Declaration

July 5, 2010

Read 1 Corinthians 1:26-31
The Declaration of Independence was signed by fifty-six ordinary men. Some were farmers, merchants, landowners, and physicians. There was a scientist and printer, a musician and a minister. All of them came together to represent the various colonies.

The Continental Congress on June 11 appointed Thomas Jefferson, John Adams, Benjamin Franklin, Roger Sherman, and Robert R. Livingston as a committee to draft a declaration of independence. The committee then delegated Thomas Jefferson to undertake the task. Jefferson worked diligently in private for days to compose a document. Proof of the arduous nature of the work can be seen in the fragment of the first known composition draft of the declaration.

Jefferson then made a clean or “fair” copy of the composition declaration, which became the foundation of the document, labeled by Jefferson as the “original Rough draught.” Revised first by Adams, then by Franklin, and then by the full committee, a total of forty-seven alterations including the insertion of three complete paragraphs was made on the text before it was presented to Congress on June 28. (It was Adams who added the phrase “They are endowed by their Creator with certain unalienable rights.”) After voting for independence on July 2, the Congress then continued to refine the document, making thirty-nine additional revisions to the committee draft before its final adoption on the morning of July 4.

Congress then ordered the Declaration of Independence printed and late on July 4, John Dunlap, a Philadelphia printer, produced the first printed text of the Declaration of Independence, now known as the “Dunlap Broadside.” The next day John Hancock, the president of the Continental Congress, began dispatching copies of the Declaration to America’s political and military leaders. On July 9, George Washington ordered that his personal copy of the “Dunlap Broadside,” sent to him by John Hancock on July 6, be read to the assembled American army at New York. In 1783 at the war’s end, General Washington brought his copy of the broadside home to Mount Vernon. This remarkable document has come down to us only partially intact.

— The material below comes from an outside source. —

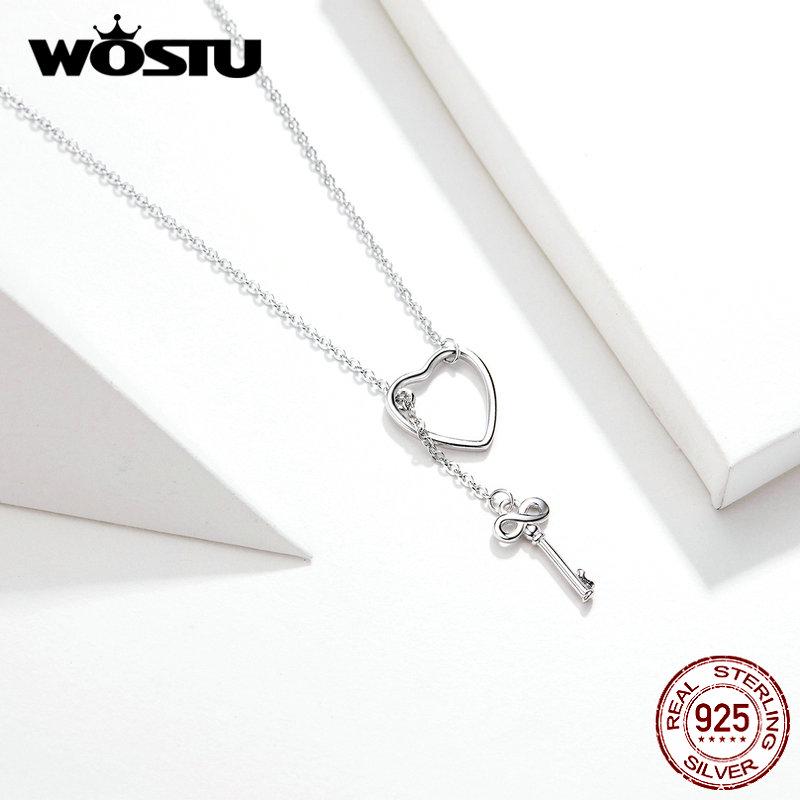 WOSTU Design 925 Sterling Silver Náhrdelníky s přívěskem Key to Your Heart pro milovníky dárků pro ženy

We think of the Declaration of Independence as having been signed on July 4, 1776. In actuality it was voted on for approval on that date but the actual signing did not start until later.

On July 19, Congress ordered the production of an engrossed (officially inscribed) copy of the Declaration of Independence, which attending members of the Continental Congress, including some who had not voted for its adoption, began to sign on August 2, 1776. This is the document that is on permanent display at the National Archives in Washington, DC.

The men who signed this document knew that they were putting their lives in peril. Their act of signing was an act of treason against the King and their very lives were forfeit. There would be an order for their immediate arrest and hanging. During the war that followed they were considered fugitives from the crown. Yet God used these simple men to turn the known world upside down.

As you pray today remember it is the Lord who works through us to bring about His will for our good and the sake of others. The signers of the Declaration of Independence were willing to risk their very lives to change the world as they knew it. Are we willing to trust God to use us even in some small way?